ABOUT THIS EXERCISE: An exact reproduction is needed of every line from the beginning of the data down to and including the line that contains "Forza. Un concetto", minus the pictures.

RECORDS FOR PROCESSING:
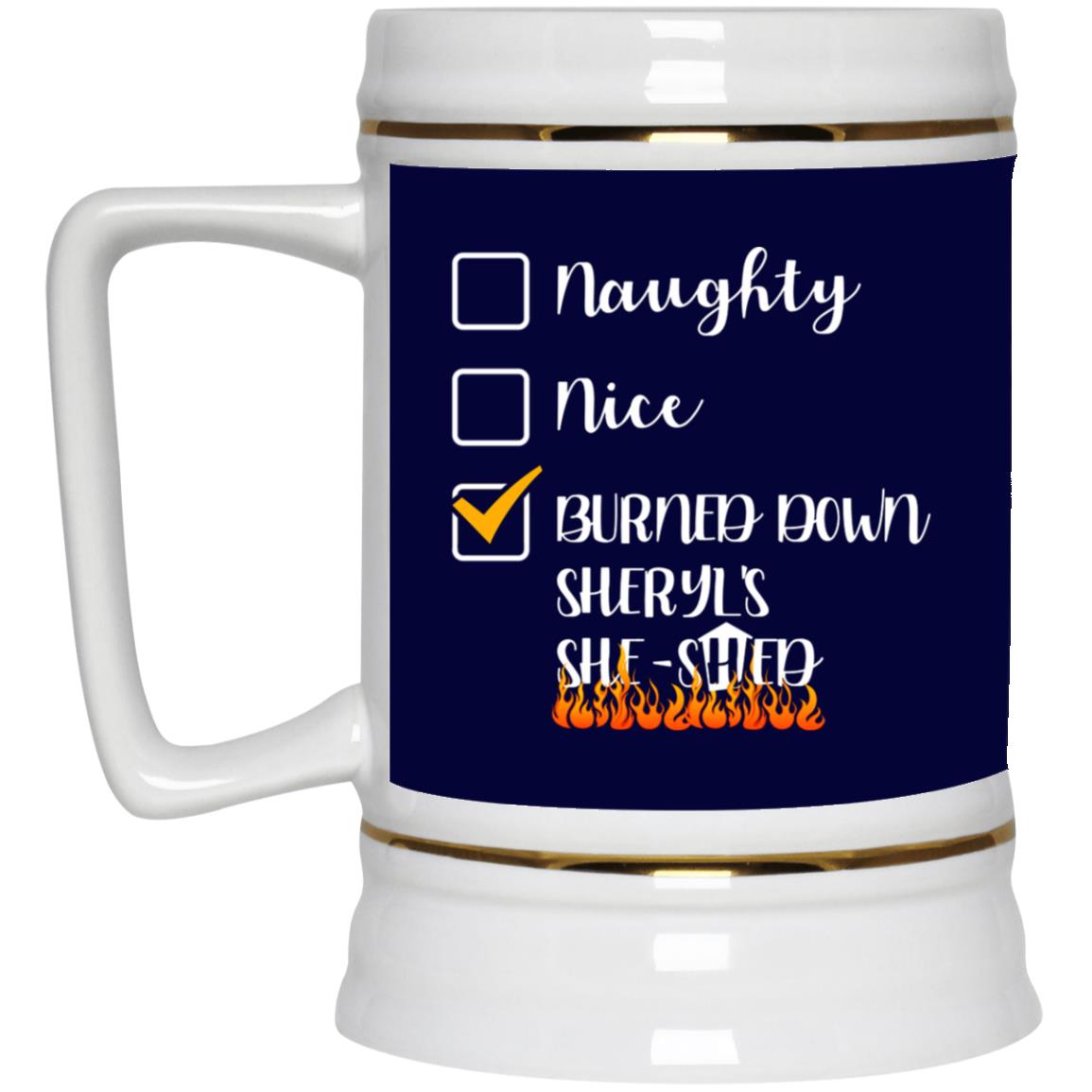 Burned Down Sheryl's She-, Navy, 22 oz. Beer Stein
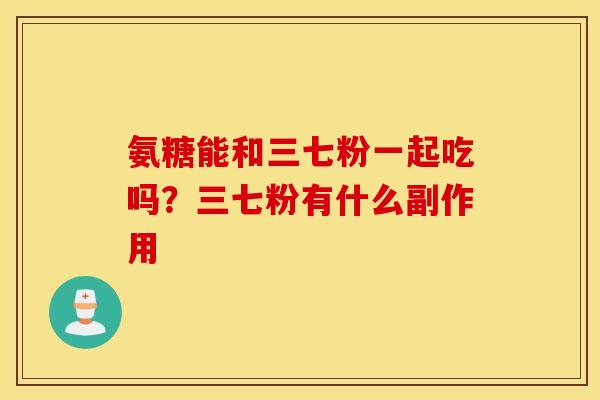 氨糖能和三七粉一起吃吗?三七粉有什么副作用 氨糖能和三七粉一起吃吗?三七粉有什么副作用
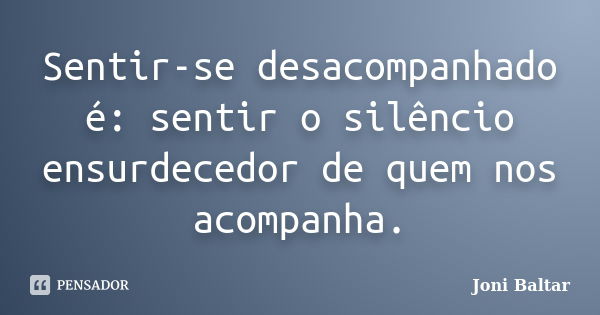 Sentir-se desacompanhado é: sentir o silêncio ensurdecedor de quem nos acompanha.... Frase de Joni Baltar.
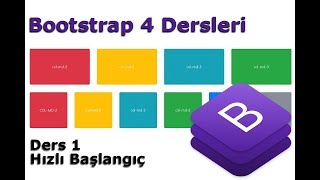 Bootstrap 4 Dersleri | 1-Hızlı Başlangıç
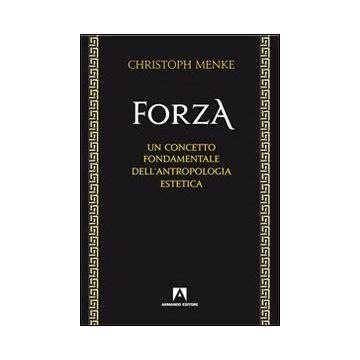 Forza. Un concetto fondamentale dell'antropologia estetica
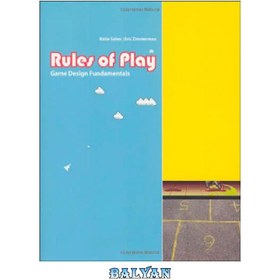 تصویر دانلود کتاب Rules of Play: Game Design Fundamentals 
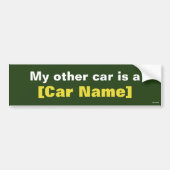 Mijn andere auto is een... (Groen) Bumpersticker (Voorkant)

RESULT OF THIS EXERCISE:
 Burned Down Sheryl's She-, Navy, 22 oz. Beer Stein
 氨糖能和三七粉一起吃吗?三七粉有什么副作用 氨糖能和三七粉一起吃吗?三七粉有什么副作用
 Sentir-se desacompanhado é: sentir o silêncio ensurdecedor de quem nos acompanha.... Frase de Joni Baltar.
 Bootstrap 4 Dersleri | 1-Hızlı Başlangıç
 Forza. Un concetto fondamentale dell'antropologia estetica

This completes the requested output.